What is being asked: Copy every record below exactly as written, but leave out the pictures.
[Data for the task — start]
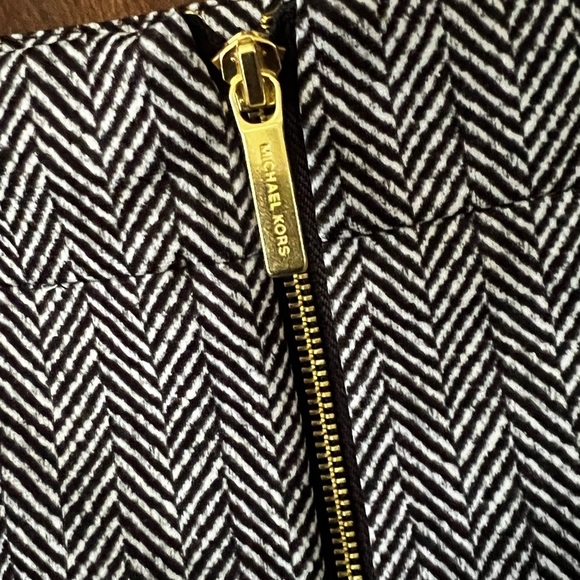 Michael Michael Kors chevron print skirt - Picture 2 of 5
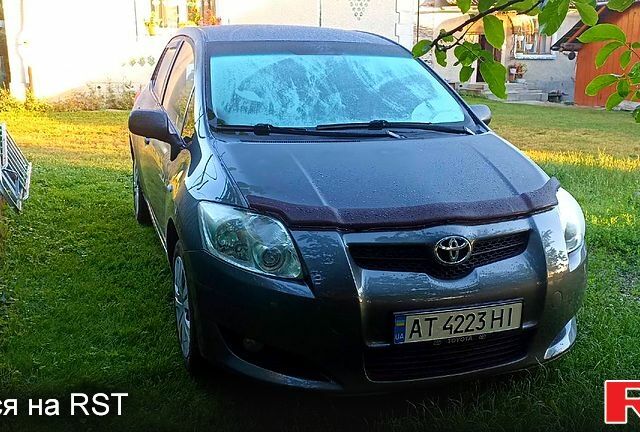 Сірий Тойота Ауріс, об'ємом двигуна 1.6 л та пробігом 200 тис. км за 6500 $, фото 1 на Automoto.ua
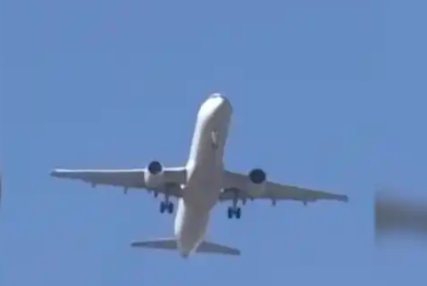 美國一載159人客機(jī)發(fā)動機(jī)起火 究竟是怎么回事？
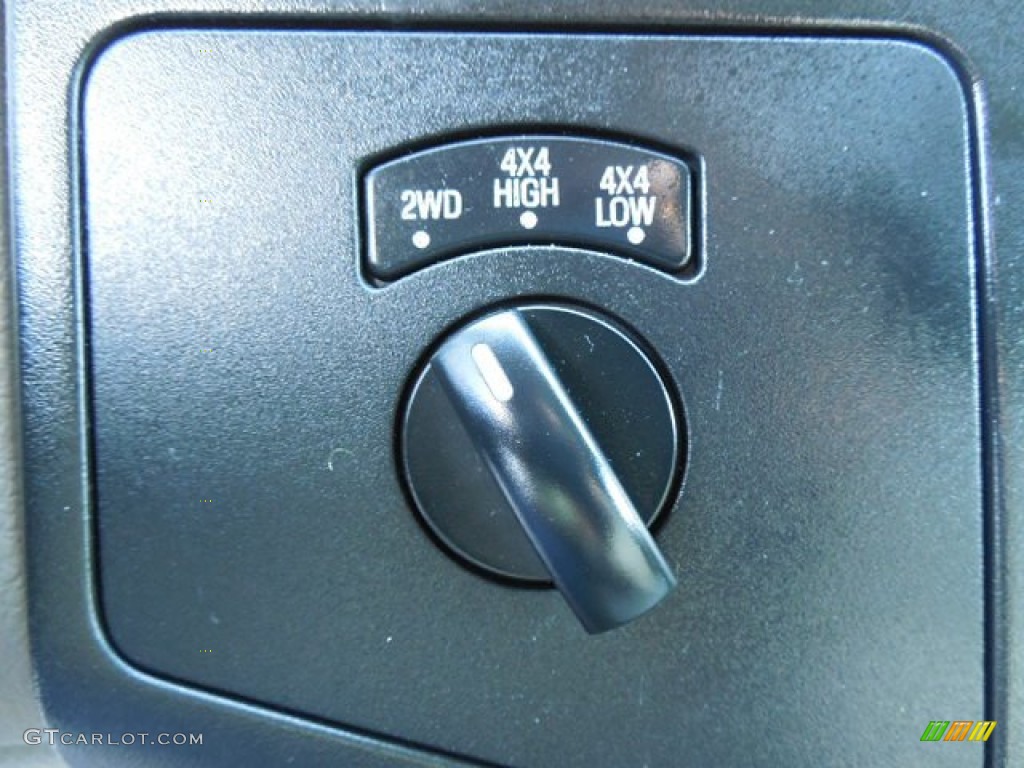 2008 Ford F250 Super Duty XLT SuperCab 4x4 Controls Photo #81303055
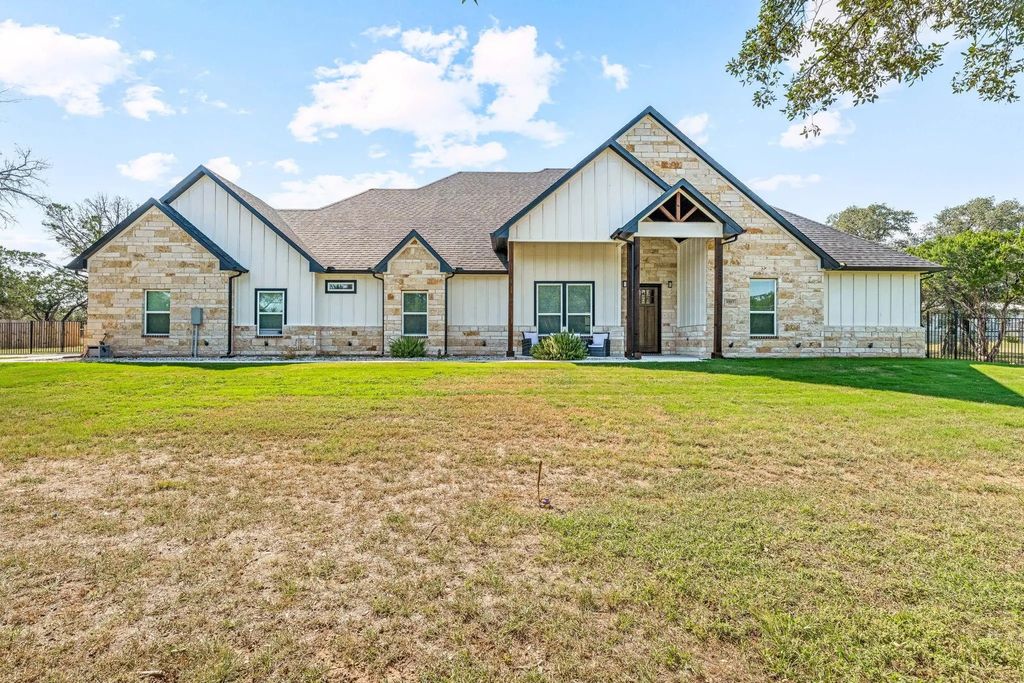 6803 Athens Drive, Weatherford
[Data for the task — finish]
Task solution:
 Michael Michael Kors chevron print skirt - Picture 2 of 5
 Сірий Тойота Ауріс, об'ємом двигуна 1.6 л та пробігом 200 тис. км за 6500 $, фото 1 на Automoto.ua
 美國一載159人客機(jī)發(fā)動機(jī)起火 究竟是怎么回事？
 2008 Ford F250 Super Duty XLT SuperCab 4x4 Controls Photo #81303055
 6803 Athens Drive, Weatherford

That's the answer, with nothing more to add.